Kniefall vor Hausbesitzern

Mietrechtsentwurf der Bundesregierung schwächt Kündigungsschutz

Aus der seit langem diskutierten „Mietrechtsvereinfachung“ ist plötzlich eine empfindliche Verschlechterung des Kündigungsschutzes geworden. Ohne nähere Beratung genehmigte das Kabinett im Juni einen Gesetzentwurf der Justizministerin, der in wichtigen Punkten von den Vorentwürfen abweicht - zum Nachteil der Mieter. 

Verbesserungen

Von den wichtigen positiven Veränderungen sind übriggeblieben:

Partner dürfen bleiben: Unverheiratete Paare, auch schwule oder lesbische, werden gleichgestellt. Nach dem Tod des Hauptmieters hat der/die unverheiratete PartnerIn in Zukunft Wohnrechte.
An einem Ort: Es gibt eine Zusammenfassung der Mietgesetze im Bürgerlichen Gesetzbuch - viel mehr ist an „Vereinfachung“ nicht herausgesprungen.

20 Prozent: Die Kappungsgrenze bei Mieterhöhungen wird von 30 auf 20 Prozent gesenkt. Der Vermieter darf also in drei Jahren nur noch um 20 Prozent erhöhen. Teilweise galt die 20%ige Grenze schon vor ein paar Jahren.

6 Monate: Die Kündigungsfrist für Mieter nach 5 Jahren Mietdauer wird auf 6 Monate gesenkt. Der Vermieter muss weiterhin eine Frist von bis zu einem Jahr einhalten. Von dem ursprünglichen Vorschlag, die Mieterfrist generell auf 3 Monate zu senken, ist also nicht mehr viel übrig. 
Zinserhöhung: Streichung der Möglichkeit, die Mieten im freifinanzierten Wohnungsbau aufgrund gestiegener Zinsen zu erhöhen.
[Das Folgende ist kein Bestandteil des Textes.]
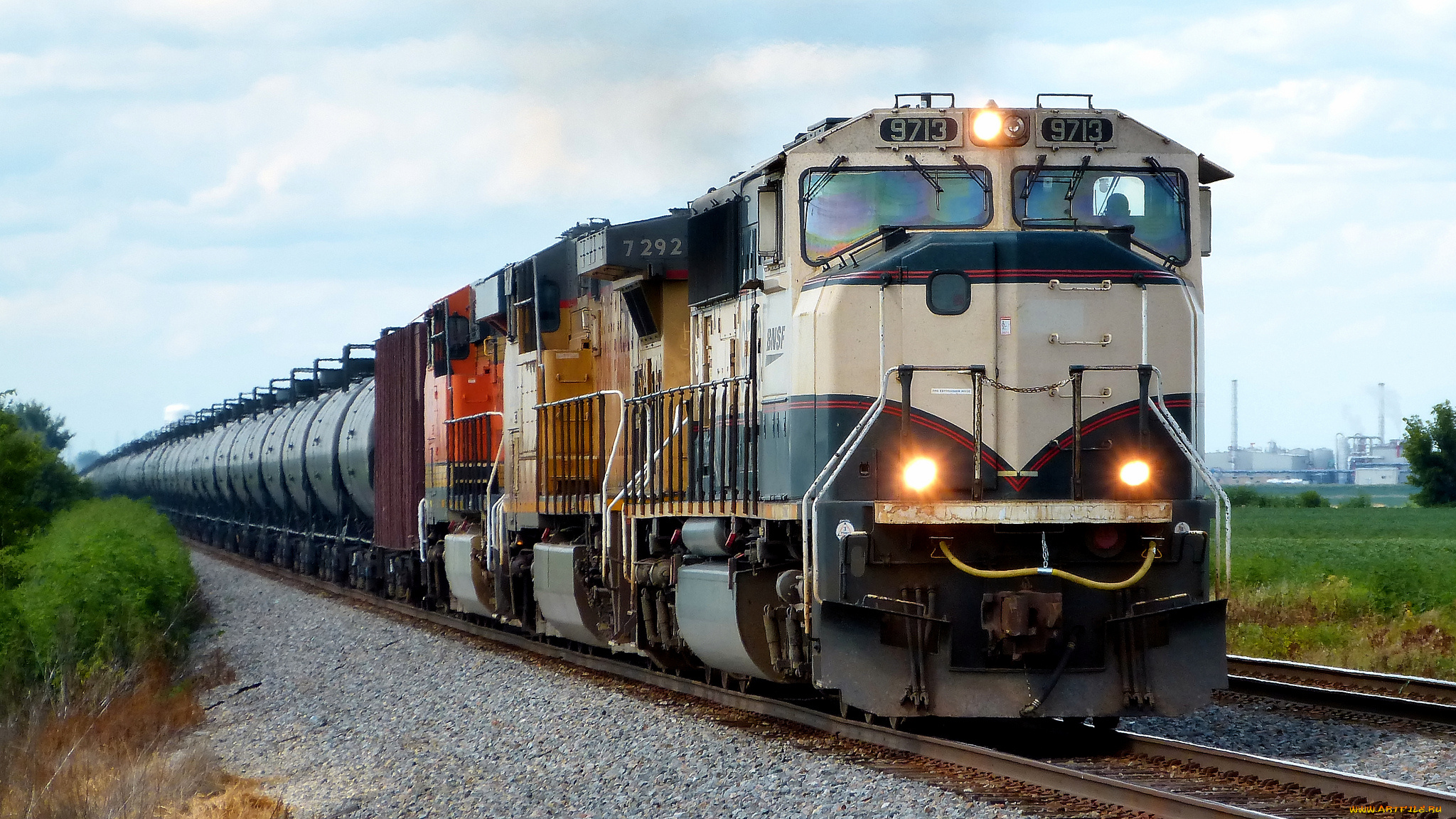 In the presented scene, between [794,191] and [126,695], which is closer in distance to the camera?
[794,191]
Das spielt in der Praxis allerdings kaum noch ein Rolle.

Mietspiegel: Die Verbindlichkeit qualifizierter, das heißt wissenschaftlich erhobene Mietspiegel im Mietprozess wird aufgewertet. Allerdings soll jetzt zusätzlich die Zustimmung der Mieter- und Vermieterverbände notwendig sein. Eine Seite kann damit den Mietspiegel verhindern. Eine kommunale Pflicht zur Mietspiegelerstellung gibt es auch in Zukunft nicht.

Unterlassungen

In ganz wichtigen Punkten gibt es nun doch keine Verbesserungen für die Mieter:

Modernisierung: Einen Totalrückzieher hat die Bundesregierung bei der sogenannten Modernisierungserhöhung gemacht. Es bleibt dabei, dass der Vermieter 11% der Modernisierungskosten auf die jährliche Miete aufschlagen kann. Der Deutsche Mieterbund hatte eine völlige Streichung verlangt, da die Modernisierung ja auch in den Mietspiegeln erfasst wird. Der letzte Vorschlag vor dem Regierungsentwurf war eine Reduktion auf 9%. Aber auch das war den Vermietern noch zu wenig. Sie haben sich durchgesetzt. Die Modernisierung wird nach dem Entwurf sogar erleichtert, besonders bei Energieeinsparungen. Neue Mieterverdrängungen werden die Folge sein. 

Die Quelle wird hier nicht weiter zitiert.